▸ **Task brief**: Using the entries below, output each line exactly from the first through the one that contains "E.Marinella TOTE BAG".

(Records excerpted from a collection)
══════════════════════════════

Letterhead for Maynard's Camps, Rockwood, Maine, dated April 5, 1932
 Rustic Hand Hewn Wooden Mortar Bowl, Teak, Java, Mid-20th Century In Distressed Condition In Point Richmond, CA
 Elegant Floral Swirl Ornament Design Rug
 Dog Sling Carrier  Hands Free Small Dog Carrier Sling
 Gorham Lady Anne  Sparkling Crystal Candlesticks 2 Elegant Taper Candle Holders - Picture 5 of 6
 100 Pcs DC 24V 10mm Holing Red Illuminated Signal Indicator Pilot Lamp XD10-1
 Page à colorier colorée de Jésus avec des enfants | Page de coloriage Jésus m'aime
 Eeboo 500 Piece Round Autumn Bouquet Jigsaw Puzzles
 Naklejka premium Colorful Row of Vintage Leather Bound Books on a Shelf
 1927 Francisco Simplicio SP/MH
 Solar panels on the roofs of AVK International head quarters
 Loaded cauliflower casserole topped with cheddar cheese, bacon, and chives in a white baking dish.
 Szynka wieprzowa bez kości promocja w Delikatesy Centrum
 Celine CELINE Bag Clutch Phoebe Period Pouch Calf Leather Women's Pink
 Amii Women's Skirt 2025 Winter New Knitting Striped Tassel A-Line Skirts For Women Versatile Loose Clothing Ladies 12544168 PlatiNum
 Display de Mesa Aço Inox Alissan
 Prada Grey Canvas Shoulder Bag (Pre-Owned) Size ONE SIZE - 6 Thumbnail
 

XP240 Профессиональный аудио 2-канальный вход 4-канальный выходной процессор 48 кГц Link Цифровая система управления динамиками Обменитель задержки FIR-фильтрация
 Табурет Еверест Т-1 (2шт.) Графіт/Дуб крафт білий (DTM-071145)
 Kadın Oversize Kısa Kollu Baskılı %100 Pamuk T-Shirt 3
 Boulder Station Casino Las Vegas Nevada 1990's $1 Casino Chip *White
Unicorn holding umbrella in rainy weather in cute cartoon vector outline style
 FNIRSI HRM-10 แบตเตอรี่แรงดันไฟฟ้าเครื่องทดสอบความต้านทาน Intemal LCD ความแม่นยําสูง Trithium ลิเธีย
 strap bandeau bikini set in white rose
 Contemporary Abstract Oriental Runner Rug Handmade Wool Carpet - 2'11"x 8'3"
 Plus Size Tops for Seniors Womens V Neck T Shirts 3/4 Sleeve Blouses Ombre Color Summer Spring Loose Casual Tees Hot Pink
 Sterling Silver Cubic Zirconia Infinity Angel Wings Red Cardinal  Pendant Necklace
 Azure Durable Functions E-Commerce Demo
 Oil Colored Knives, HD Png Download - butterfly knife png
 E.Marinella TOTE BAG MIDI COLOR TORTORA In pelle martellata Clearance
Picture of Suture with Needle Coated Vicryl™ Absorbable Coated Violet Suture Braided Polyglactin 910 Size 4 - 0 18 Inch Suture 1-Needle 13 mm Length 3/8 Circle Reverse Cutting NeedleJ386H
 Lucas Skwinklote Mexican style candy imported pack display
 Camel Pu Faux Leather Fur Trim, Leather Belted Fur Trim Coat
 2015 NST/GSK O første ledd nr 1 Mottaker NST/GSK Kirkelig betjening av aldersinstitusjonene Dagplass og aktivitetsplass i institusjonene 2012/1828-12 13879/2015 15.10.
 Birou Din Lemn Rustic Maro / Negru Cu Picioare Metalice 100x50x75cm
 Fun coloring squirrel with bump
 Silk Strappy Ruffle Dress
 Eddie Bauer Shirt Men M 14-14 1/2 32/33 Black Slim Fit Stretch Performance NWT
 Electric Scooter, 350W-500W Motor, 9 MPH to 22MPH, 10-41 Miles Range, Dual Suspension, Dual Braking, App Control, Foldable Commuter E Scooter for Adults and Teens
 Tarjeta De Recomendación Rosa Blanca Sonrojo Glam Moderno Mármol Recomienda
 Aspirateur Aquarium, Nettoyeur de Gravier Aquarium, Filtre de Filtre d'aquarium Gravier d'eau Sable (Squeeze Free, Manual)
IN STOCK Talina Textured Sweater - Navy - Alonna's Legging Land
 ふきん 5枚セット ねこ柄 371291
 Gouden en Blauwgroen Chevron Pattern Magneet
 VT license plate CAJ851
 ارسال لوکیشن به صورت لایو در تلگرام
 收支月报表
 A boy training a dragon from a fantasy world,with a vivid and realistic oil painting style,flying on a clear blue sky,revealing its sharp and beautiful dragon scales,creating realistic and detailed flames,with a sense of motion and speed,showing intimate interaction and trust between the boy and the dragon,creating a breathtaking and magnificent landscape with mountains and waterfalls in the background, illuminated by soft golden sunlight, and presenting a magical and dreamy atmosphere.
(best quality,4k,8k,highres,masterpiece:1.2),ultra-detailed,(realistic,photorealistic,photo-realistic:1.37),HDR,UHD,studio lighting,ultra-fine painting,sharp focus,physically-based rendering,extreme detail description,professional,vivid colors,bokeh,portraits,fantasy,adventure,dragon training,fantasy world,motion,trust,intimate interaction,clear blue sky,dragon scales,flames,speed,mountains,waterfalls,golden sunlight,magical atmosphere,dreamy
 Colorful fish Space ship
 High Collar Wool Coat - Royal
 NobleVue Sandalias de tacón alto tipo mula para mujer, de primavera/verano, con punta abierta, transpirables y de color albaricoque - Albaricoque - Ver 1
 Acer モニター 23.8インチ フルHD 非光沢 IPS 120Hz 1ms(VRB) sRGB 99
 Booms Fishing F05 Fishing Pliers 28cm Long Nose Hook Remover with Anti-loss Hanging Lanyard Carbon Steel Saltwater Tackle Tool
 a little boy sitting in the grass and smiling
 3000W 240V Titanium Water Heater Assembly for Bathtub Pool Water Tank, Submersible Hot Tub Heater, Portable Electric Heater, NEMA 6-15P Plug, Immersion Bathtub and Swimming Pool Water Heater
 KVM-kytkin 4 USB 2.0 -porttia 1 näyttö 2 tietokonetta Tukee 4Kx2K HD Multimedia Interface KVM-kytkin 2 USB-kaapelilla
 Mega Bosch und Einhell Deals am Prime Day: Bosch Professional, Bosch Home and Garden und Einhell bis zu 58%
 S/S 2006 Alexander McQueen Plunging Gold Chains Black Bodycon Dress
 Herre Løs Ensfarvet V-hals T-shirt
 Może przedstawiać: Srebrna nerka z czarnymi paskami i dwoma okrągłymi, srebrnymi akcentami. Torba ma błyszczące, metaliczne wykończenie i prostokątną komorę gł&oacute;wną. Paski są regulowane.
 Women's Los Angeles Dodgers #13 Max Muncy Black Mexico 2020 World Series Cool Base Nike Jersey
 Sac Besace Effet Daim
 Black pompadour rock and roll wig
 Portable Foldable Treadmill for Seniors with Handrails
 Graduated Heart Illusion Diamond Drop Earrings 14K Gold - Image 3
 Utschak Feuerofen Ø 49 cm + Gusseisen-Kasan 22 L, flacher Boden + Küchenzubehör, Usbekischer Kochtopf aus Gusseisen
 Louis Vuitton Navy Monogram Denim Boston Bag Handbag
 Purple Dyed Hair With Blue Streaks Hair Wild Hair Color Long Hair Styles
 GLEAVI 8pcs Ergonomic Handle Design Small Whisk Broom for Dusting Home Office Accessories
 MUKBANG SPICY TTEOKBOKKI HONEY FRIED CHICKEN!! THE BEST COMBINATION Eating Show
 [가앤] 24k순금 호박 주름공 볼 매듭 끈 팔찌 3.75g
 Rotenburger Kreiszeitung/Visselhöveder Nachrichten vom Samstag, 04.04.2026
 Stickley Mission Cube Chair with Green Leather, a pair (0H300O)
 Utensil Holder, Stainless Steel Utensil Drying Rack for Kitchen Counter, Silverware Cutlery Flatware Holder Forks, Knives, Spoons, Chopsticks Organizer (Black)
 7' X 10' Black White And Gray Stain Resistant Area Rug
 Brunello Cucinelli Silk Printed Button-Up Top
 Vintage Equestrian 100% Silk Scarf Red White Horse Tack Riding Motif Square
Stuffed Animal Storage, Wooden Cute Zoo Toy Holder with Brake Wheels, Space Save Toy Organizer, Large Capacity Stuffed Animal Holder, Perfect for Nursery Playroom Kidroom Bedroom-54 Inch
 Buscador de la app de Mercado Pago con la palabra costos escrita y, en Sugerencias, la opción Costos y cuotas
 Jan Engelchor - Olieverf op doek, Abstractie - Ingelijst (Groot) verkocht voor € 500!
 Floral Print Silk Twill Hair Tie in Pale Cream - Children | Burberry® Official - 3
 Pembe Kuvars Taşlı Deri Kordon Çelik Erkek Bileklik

══════════════════════════════

▸ **Response to this task**:
Letterhead for Maynard's Camps, Rockwood, Maine, dated April 5, 1932
 Rustic Hand Hewn Wooden Mortar Bowl, Teak, Java, Mid-20th Century In Distressed Condition In Point Richmond, CA
 Elegant Floral Swirl Ornament Design Rug
 Dog Sling Carrier  Hands Free Small Dog Carrier Sling
 Gorham Lady Anne  Sparkling Crystal Candlesticks 2 Elegant Taper Candle Holders - Picture 5 of 6
 100 Pcs DC 24V 10mm Holing Red Illuminated Signal Indicator Pilot Lamp XD10-1
 Page à colorier colorée de Jésus avec des enfants | Page de coloriage Jésus m'aime
 Eeboo 500 Piece Round Autumn Bouquet Jigsaw Puzzles
 Naklejka premium Colorful Row of Vintage Leather Bound Books on a Shelf
 1927 Francisco Simplicio SP/MH
 Solar panels on the roofs of AVK International head quarters
 Loaded cauliflower casserole topped with cheddar cheese, bacon, and chives in a white baking dish.
 Szynka wieprzowa bez kości promocja w Delikatesy Centrum
 Celine CELINE Bag Clutch Phoebe Period Pouch Calf Leather Women's Pink
 Amii Women's Skirt 2025 Winter New Knitting Striped Tassel A-Line Skirts For Women Versatile Loose Clothing Ladies 12544168 PlatiNum
 Display de Mesa Aço Inox Alissan
 Prada Grey Canvas Shoulder Bag (Pre-Owned) Size ONE SIZE - 6 Thumbnail
 

XP240 Профессиональный аудио 2-канальный вход 4-канальный выходной процессор 48 кГц Link Цифровая система управления динамиками Обменитель задержки FIR-фильтрация
 Табурет Еверест Т-1 (2шт.) Графіт/Дуб крафт білий (DTM-071145)
 Kadın Oversize Kısa Kollu Baskılı %100 Pamuk T-Shirt 3
 Boulder Station Casino Las Vegas Nevada 1990's $1 Casino Chip *White
Unicorn holding umbrella in rainy weather in cute cartoon vector outline style
 FNIRSI HRM-10 แบตเตอรี่แรงดันไฟฟ้าเครื่องทดสอบความต้านทาน Intemal LCD ความแม่นยําสูง Trithium ลิเธีย
 strap bandeau bikini set in white rose
 Contemporary Abstract Oriental Runner Rug Handmade Wool Carpet - 2'11"x 8'3"
 Plus Size Tops for Seniors Womens V Neck T Shirts 3/4 Sleeve Blouses Ombre Color Summer Spring Loose Casual Tees Hot Pink
 Sterling Silver Cubic Zirconia Infinity Angel Wings Red Cardinal  Pendant Necklace
 Azure Durable Functions E-Commerce Demo
 Oil Colored Knives, HD Png Download - butterfly knife png
 E.Marinella TOTE BAG MIDI COLOR TORTORA In pelle martellata Clearance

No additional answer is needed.